### ABOUT THIS EXERCISE
Word for word, set down the lines from the one that holds "Oyo 35538 Hotel" through the final line of the listing below, and exclude every picture.

### STORED DATA
[Start of Attachment]
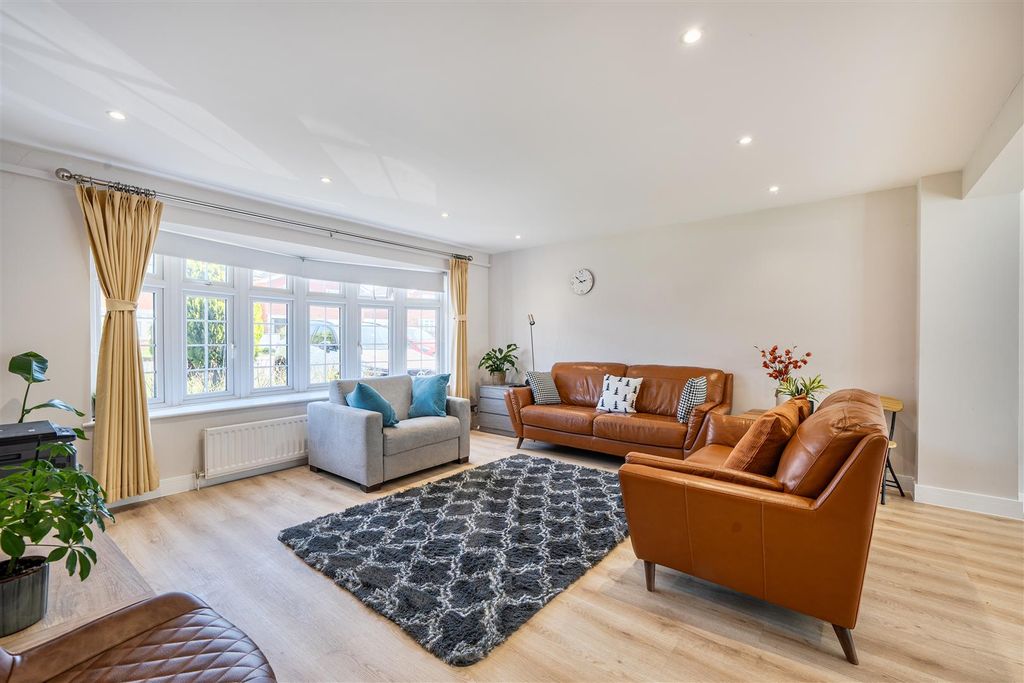 Property photo 3 of 23 1437548-22-69d66436E2F3c.Jpg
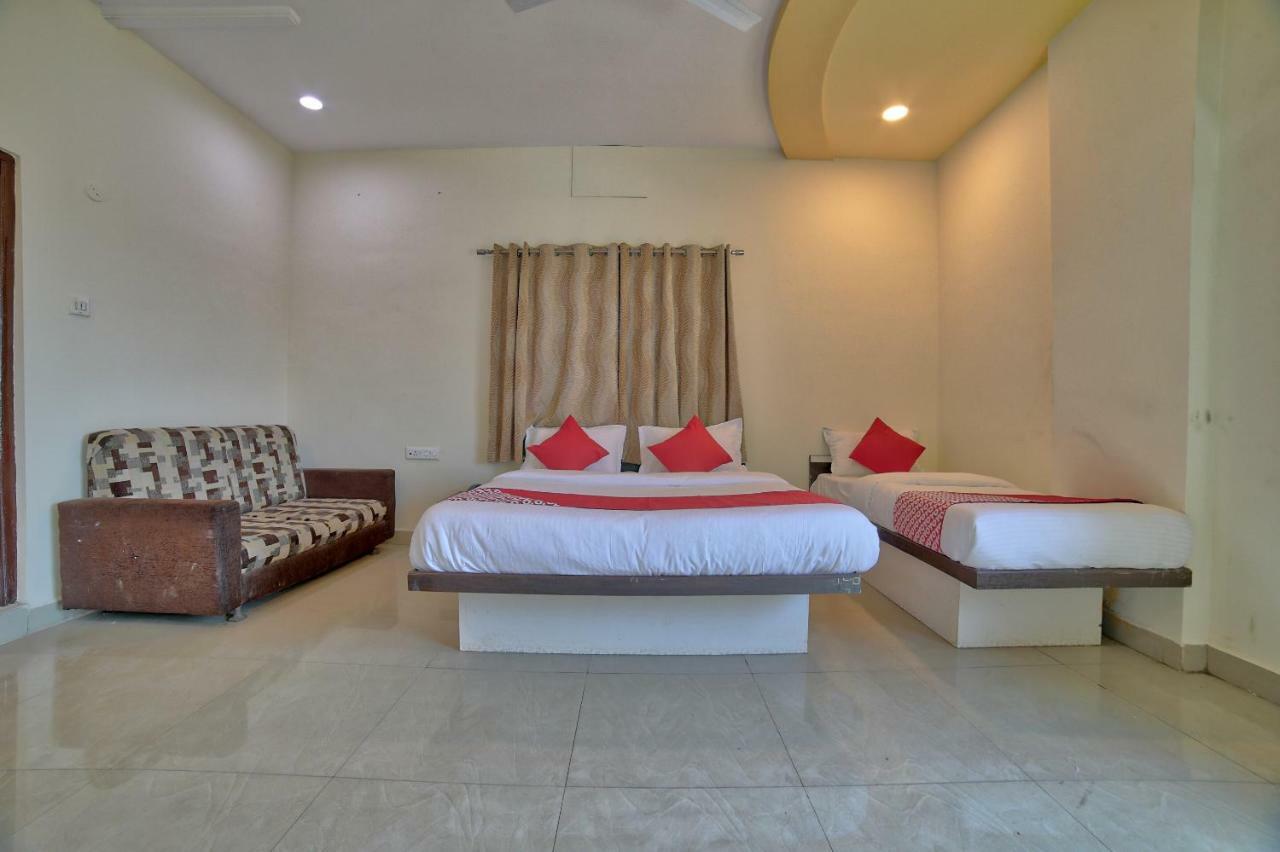 Oyo 35538 Hotel Risha Chandrapur Екстериор снимка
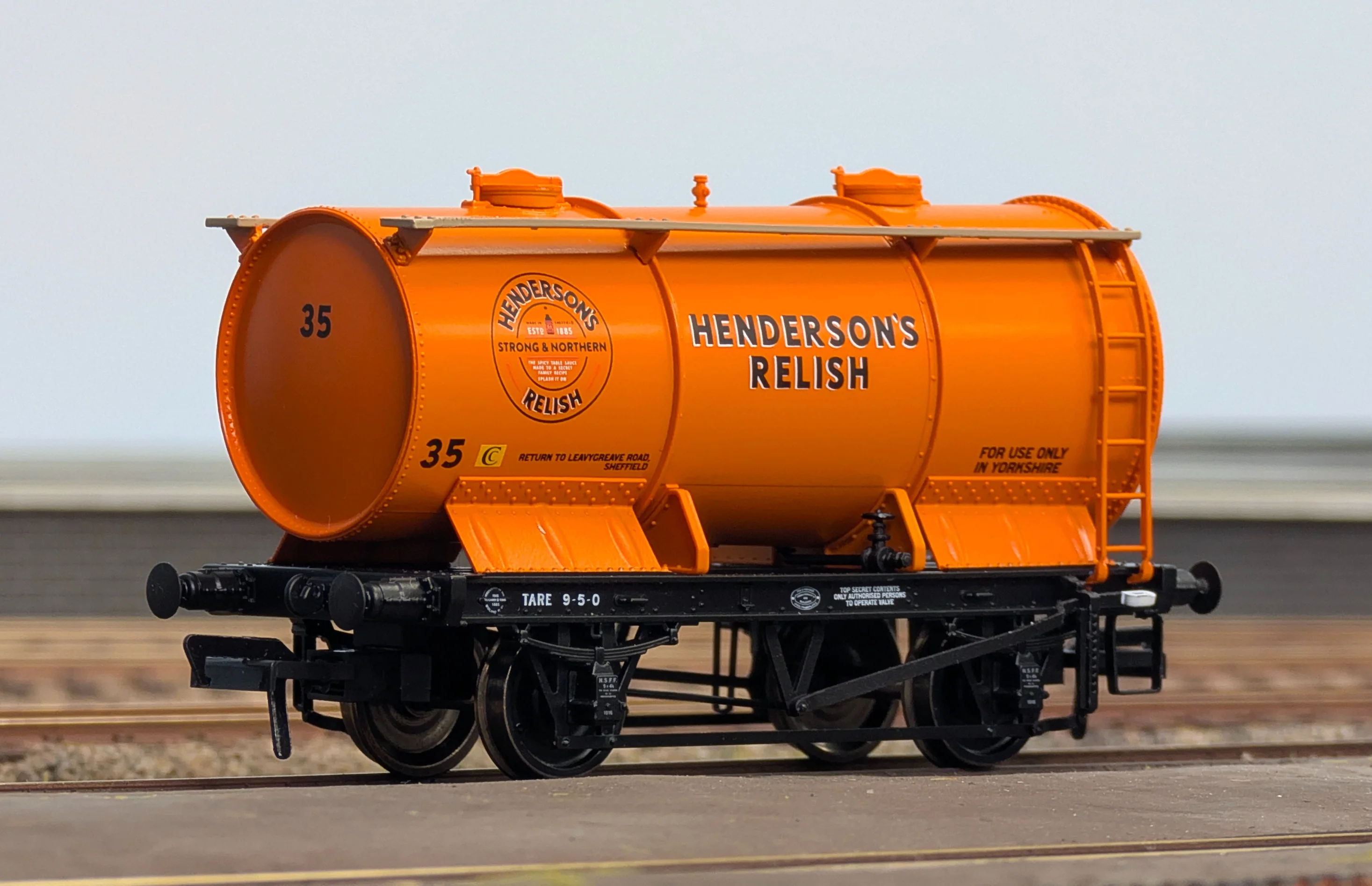 Chemical Tank Wagon - Molasses Tank - BSC Unbranded No.B43 - Image 4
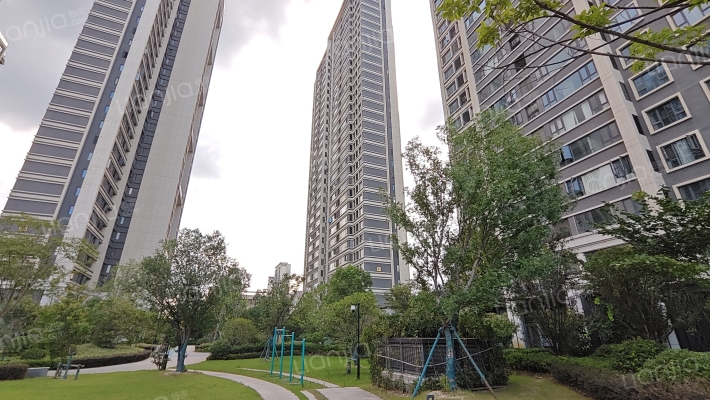 华侨城天鹅堡天麓2期外景图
[End of Attachment]
### SOLUTION
 Oyo 35538 Hotel Risha Chandrapur Екстериор снимка
 Chemical Tank Wagon - Molasses Tank - BSC Unbranded No.B43 - Image 4
 华侨城天鹅堡天麓2期外景图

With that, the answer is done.